Il mental accounting riguarda la tendenza degli individui a ragionare secondo uno schema psicologico dividendo i loro fondi in diversi compartimenti (“conti mentali”), sulla base di differenti criteri soggettivi come la provenienza di tali fondi e lo scopo che perseguono, creando differenti budget per le spese e suddividendo in categorie la ricchezza e il reddito.

È possibile indicare tre classi di conti mentali: i conti di consumo riferito alle spese; i conti di reddito in cui sono riportati i ricavi e le entrate; i conti di ricchezza cui sono ricondotte le diverse forme di ricchezza detenute.

Nel conto consumo vengono catalogate tutte le varie spese quotidiane. Si riferisce dunque al modo in cui una persona contabilizza i costi sostenuti in modo da non generare una situazione di rammarico. Ad esempio un fumatore preferirà tener conto del costo giornaliero di un pacchetto di sigarette che riterrà trascurabile se paragonato alla spesa annuale che comporta.

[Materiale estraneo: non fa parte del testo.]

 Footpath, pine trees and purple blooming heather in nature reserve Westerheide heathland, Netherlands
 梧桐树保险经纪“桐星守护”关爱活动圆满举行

Il conto reddito si presta ad essere contabilizzato in base alle fonti, attribuendo rilevanza a come quella stessa somma di denaro sia stata percepita, se in modo occasionale (vincita al lotto) o meno (aumento di stipendio). L’evidenza sperimentale mostra che il modo con cui il denaro viene percepito, influisce sulla propensione a spenderlo e sulla tipologia di acquisti da effettuare; mentre una somma di denaro derivante da una vincita al lotto si presterebbe ad essere spesa in maniera leggera, poco ragionata e in tempi brevi, lo stesso non può essere detto per una stessa somma ad esempio ottenuta da un aumento dei fondi pensione che presenta una bassa (se non nulla) propensione al consumo.

Riguardo la ricchezza, le attività vengono valutate a seconda della natura in attività correnti, investimenti finanziari, investimenti mobiliari e incassi futuri. Le prime fanno riferimento alla moneta nonché a tutte le attività ad essa assimilate, mentre gli incassi futuri vengono valutati in base al valore attuale stimato. Le categorie di conti sono caratterizzate da un’accentuata rigidità e presentano propensioni al consumo diverse, decrescenti a partire dalle attività

41 correnti fino ad essere tendenzialmente nulli per gli investimenti immobiliari e gli incassi futuri.

Questa suddivisione del denaro in base alla provenienza e all’impiego, contraddice il concetto di fungibilità come invece assunto dalla finanza tradizionale.

L’apertura, la gestione e la chiusura dei conti mentali non seguono il principio della razionalità, ma sono spesso influenzati dagli esiti di scelte effettuate in passato che potrebbero determinare un elevata probabilità di incorrere in errori. Per esempio, in caso di precedenti perdite in un certo conto mentale, si è propensi ad assumere maggiori rischi pur di ritornare in pareggio.

La teoria della contabilità mentale fornisce una chiave di lettura dell’approccio piramidale, con la quale gli individui sembrano costruire il proprio portafoglio, la quale verrà analizzata esaustivamente nel capitolo successivo.